Architecture: Text + Layout + Image Together
LayoutLMv3 uses a unified multimodal transformer that processes three input streams jointly:
- Text tokens — from an OCR engine (Tesseract, Azure Form Recognizer, or any OCR output)
- Layout tokens — 2D bounding box coordinates (x1, y1, x2, y2, width, height) for each text token, normalized to [0, 1000]
- Image patches — the document image divided into 16×16 patches, processed like ViT
The model is pretrained with three objectives: Masked Language Modeling (MLM) on text, Masked Image Modeling (MIM) on image patches, and Word-Patch Alignment (WPA) — predicting whether a text token and an image patch are aligned.
from transformers import LayoutLMv3Processor, LayoutLMv3ForTokenClassification
from PIL import Image
import torch
processor = LayoutLMv3Processor.from_pretrained("microsoft/layoutlmv3-base", apply_ocr=True)
model = LayoutLMv3ForTokenClassification.from_pretrained("microsoft/layoutlmv3-base")
# apply_ocr=True runs Tesseract internally
image = Image.open("receipt.png").convert("RGB")
encoding = processor(image, return_tensors="pt")
with torch.no_grad():
outputs = model(**encoding)
predictions = outputs.logits.argmax(-1).squeeze().tolist()
token_boxes = encoding.bbox.squeeze().tolist()
for token_id, box, pred in zip(encoding.input_ids.squeeze().tolist(), token_boxes, predictions):
token = processor.tokenizer.decode([token_id])
print(f"Token: {token:15} Box: {box} Label: {pred}")
Fine-Tuning on Custom Documents
For domain-specific forms, fine-tuning LayoutLMv3 on labeled examples consistently outperforms prompting a general VLM:
from transformers import LayoutLMv3ForTokenClassification, TrainingArguments, Trainer
label2id = {"O": 0, "B-DATE": 1, "B-TOTAL": 2, "B-VENDOR": 3, "B-ADDRESS": 4}
id2label = {v: k for k, v in label2id.items()}
model = LayoutLMv3ForTokenClassification.from_pretrained(
"microsoft/layoutlmv3-base",
num_labels=len(label2id),
id2label=id2label,
label2id=label2id,
)
training_args = TrainingArguments(
output_dir="layoutlmv3-receipts",
per_device_train_batch_size=4,
num_train_epochs=10,
learning_rate=5e-5,
fp16=True,
evaluation_strategy="epoch",
)
trainer = Trainer(
model=model,
args=training_args,
train_dataset=train_dataset,
eval_dataset=eval_dataset,
tokenizer=processor,
)
trainer.train()
Benchmark Datasets for Document AI
- FUNSD (Form Understanding in Noisy Scanned Documents) — 199 forms with semantic entity labels and entity linking; F1 benchmark for form NER
- CORD (Consolidated Receipt Dataset) — 11,000 receipt images with 30 semantic label categories; used for receipt parsing
- DocVQA — 50,000 QA pairs over scanned documents; requires reading comprehension from layout-aware context
LayoutLMv3 achieves F1 > 90% on FUNSD and CORD with standard fine-tuning recipes.

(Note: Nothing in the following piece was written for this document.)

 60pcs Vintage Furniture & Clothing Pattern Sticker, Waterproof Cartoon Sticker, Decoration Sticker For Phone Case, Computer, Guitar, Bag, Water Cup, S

Integration With Azure Form Recognizer
Azure Form Recognizer uses LayoutLM variants as its underlying model for structured extraction. If you need managed infrastructure with SLA guarantees and pre-built models for invoices, receipts, ID cards, and W-2s, Azure Form Recognizer is the production-ready path that avoids managing model serving yourself.